_Task description_
Would you write out all of the records that follow, exactly as they stand?

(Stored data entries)
● ● ●

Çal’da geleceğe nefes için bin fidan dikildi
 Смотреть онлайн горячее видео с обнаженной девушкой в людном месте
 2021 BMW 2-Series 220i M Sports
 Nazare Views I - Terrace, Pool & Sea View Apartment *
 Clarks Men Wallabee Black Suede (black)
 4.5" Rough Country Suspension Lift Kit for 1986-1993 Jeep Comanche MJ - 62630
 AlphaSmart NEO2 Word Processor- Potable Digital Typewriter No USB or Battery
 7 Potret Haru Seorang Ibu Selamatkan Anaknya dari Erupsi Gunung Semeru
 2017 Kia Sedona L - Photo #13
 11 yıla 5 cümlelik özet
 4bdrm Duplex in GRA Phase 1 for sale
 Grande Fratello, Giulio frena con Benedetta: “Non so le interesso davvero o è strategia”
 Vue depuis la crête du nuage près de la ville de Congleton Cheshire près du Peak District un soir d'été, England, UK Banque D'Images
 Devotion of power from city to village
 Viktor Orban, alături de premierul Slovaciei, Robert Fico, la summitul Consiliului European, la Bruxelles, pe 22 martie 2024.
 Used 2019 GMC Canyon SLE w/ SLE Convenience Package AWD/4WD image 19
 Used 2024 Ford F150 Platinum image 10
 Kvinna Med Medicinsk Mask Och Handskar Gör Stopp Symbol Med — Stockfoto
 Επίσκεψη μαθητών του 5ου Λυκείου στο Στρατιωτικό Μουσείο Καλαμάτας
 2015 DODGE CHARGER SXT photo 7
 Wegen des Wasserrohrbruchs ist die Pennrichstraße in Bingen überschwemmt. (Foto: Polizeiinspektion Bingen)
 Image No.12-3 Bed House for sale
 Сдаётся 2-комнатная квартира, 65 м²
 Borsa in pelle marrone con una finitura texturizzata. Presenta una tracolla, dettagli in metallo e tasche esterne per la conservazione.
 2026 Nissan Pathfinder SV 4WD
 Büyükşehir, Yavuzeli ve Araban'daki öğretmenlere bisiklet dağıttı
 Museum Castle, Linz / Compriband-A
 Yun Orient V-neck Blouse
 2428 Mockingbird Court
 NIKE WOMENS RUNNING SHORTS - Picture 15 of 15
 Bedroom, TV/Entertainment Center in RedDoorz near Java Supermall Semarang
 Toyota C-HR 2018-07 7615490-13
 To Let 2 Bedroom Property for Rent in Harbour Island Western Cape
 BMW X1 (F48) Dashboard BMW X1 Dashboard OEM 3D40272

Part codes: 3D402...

● ● ●

_Answer for this exercise_
Çal’da geleceğe nefes için bin fidan dikildi
 Смотреть онлайн горячее видео с обнаженной девушкой в людном месте
 2021 BMW 2-Series 220i M Sports
 Nazare Views I - Terrace, Pool & Sea View Apartment *
 Clarks Men Wallabee Black Suede (black)
 4.5" Rough Country Suspension Lift Kit for 1986-1993 Jeep Comanche MJ - 62630
 AlphaSmart NEO2 Word Processor- Potable Digital Typewriter No USB or Battery
 7 Potret Haru Seorang Ibu Selamatkan Anaknya dari Erupsi Gunung Semeru
 2017 Kia Sedona L - Photo #13
 11 yıla 5 cümlelik özet
 4bdrm Duplex in GRA Phase 1 for sale
 Grande Fratello, Giulio frena con Benedetta: “Non so le interesso davvero o è strategia”
 Vue depuis la crête du nuage près de la ville de Congleton Cheshire près du Peak District un soir d'été, England, UK Banque D'Images
 Devotion of power from city to village
 Viktor Orban, alături de premierul Slovaciei, Robert Fico, la summitul Consiliului European, la Bruxelles, pe 22 martie 2024.
 Used 2019 GMC Canyon SLE w/ SLE Convenience Package AWD/4WD image 19
 Used 2024 Ford F150 Platinum image 10
 Kvinna Med Medicinsk Mask Och Handskar Gör Stopp Symbol Med — Stockfoto
 Επίσκεψη μαθητών του 5ου Λυκείου στο Στρατιωτικό Μουσείο Καλαμάτας
 2015 DODGE CHARGER SXT photo 7
 Wegen des Wasserrohrbruchs ist die Pennrichstraße in Bingen überschwemmt. (Foto: Polizeiinspektion Bingen)
 Image No.12-3 Bed House for sale
 Сдаётся 2-комнатная квартира, 65 м²
 Borsa in pelle marrone con una finitura texturizzata. Presenta una tracolla, dettagli in metallo e tasche esterne per la conservazione.
 2026 Nissan Pathfinder SV 4WD
 Büyükşehir, Yavuzeli ve Araban'daki öğretmenlere bisiklet dağıttı
 Museum Castle, Linz / Compriband-A
 Yun Orient V-neck Blouse
 2428 Mockingbird Court
 NIKE WOMENS RUNNING SHORTS - Picture 15 of 15
 Bedroom, TV/Entertainment Center in RedDoorz near Java Supermall Semarang
 Toyota C-HR 2018-07 7615490-13
 To Let 2 Bedroom Property for Rent in Harbour Island Western Cape
 BMW X1 (F48) Dashboard BMW X1 Dashboard OEM 3D40272

Part codes: 3D402...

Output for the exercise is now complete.